Whenever I get these messages about trust I often wonder how the story will go. Trust is one of those things in my life that I’m a little stingy with because it’s hard for me to do. I’m learning but I’m still cautious too. I really wish everyone was trustworthy but life has taught me many are not. So I’m cautious about who I trust and I’m cautious about who I deny trust to as well. I try not to assume or hold grudges because sometimes it’s better to take a chance rather than live in fear that something will go wrong. Like life in general we never know what will happen until we let it happen so I try to look at all the angles before I decide if someone/something is worth my trust. When you learn to trust your gut it makes figuring out who is trustworthy a little easier.

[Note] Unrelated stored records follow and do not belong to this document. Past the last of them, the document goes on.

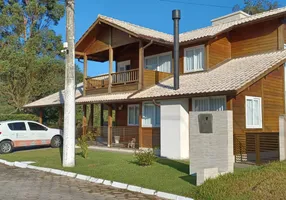 Foto 1 de Casa de Condomínio com 3 Quartos à venda, 240m² em Vargem Grande, Florianópolis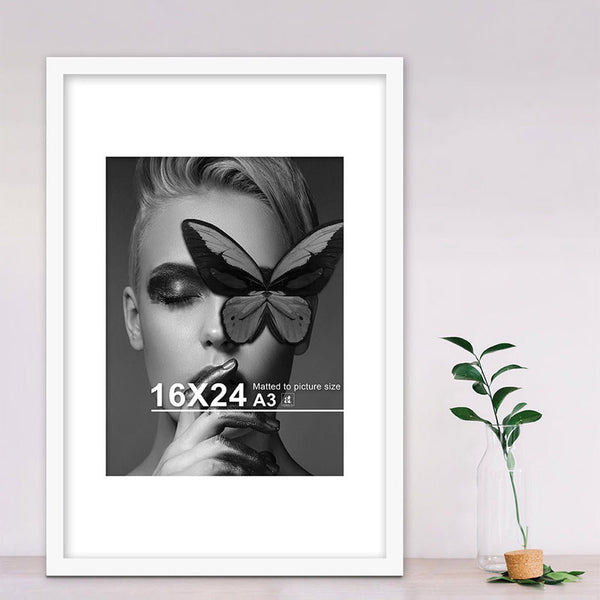 Buy Themis Photo Frame - White Photo Frames from Vaaree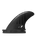 SB1 Sidebite Alpha Fins in Black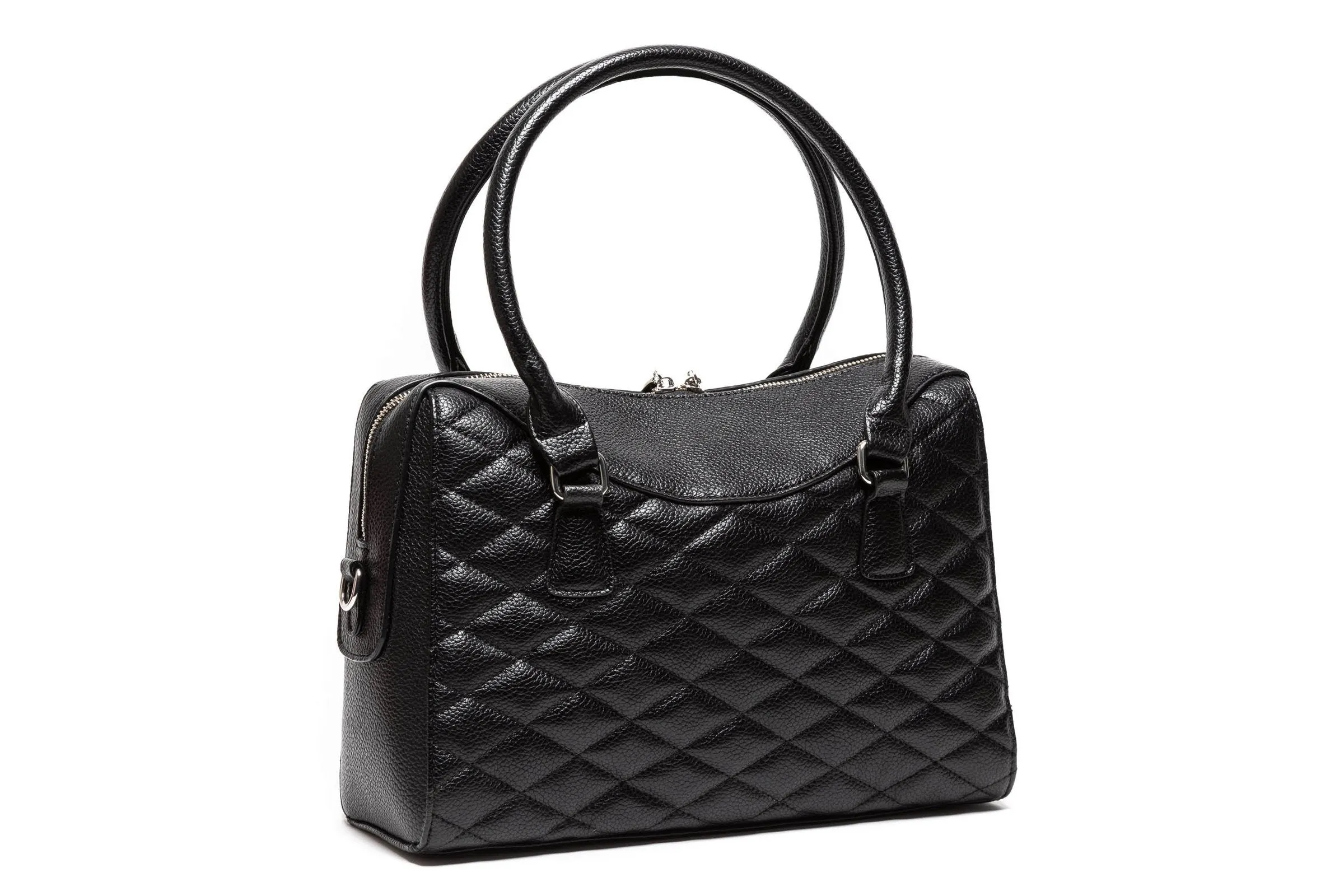 Route 66 Tote Black Matte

So this one is about clearing cords and learning to trust. I see 222. My son Aydin teaches me so much. He can make me crazy at times but he shows me a lot about myself too. There is something about Moms and their sons, they are our babies and it’s hard to let go and trust the world will be good to them. I have a daughter too but with Rylee I’m more trusting that she will always figure it out and thrive. I want her to be really confident in life so I don’t hold the cord so tight with her. I like her to get out there and live her way. Sometimes she thinks she’s a boy but that’s her way lol. She’s my second child so she didn’t have much of a choice anyway. She was kinda forced to go with the flow lol.
I have a memory of a time with Aydin when he was 5. I keep this memory in my head and every so often it comes back to me and I allow it to remind me to trust. I think we were walking into school and I was behind him and I went to put my hand on his shoulder so I could hold onto him. He shrugged his shoulder and turned and looked at me with a face that was saying “let me fly.” He didn’t say anything to me but I knew by his eyes what he was telling me. So I let go and it was tough but I started to learn how to trust he is ok without me sometimes. Tough moment for a Mom but I still use that memory to help me now that he is 8 and with many other things in my life too. It was a life lesson about how trust and loosening the cords are a necessary part of living a peaceful life.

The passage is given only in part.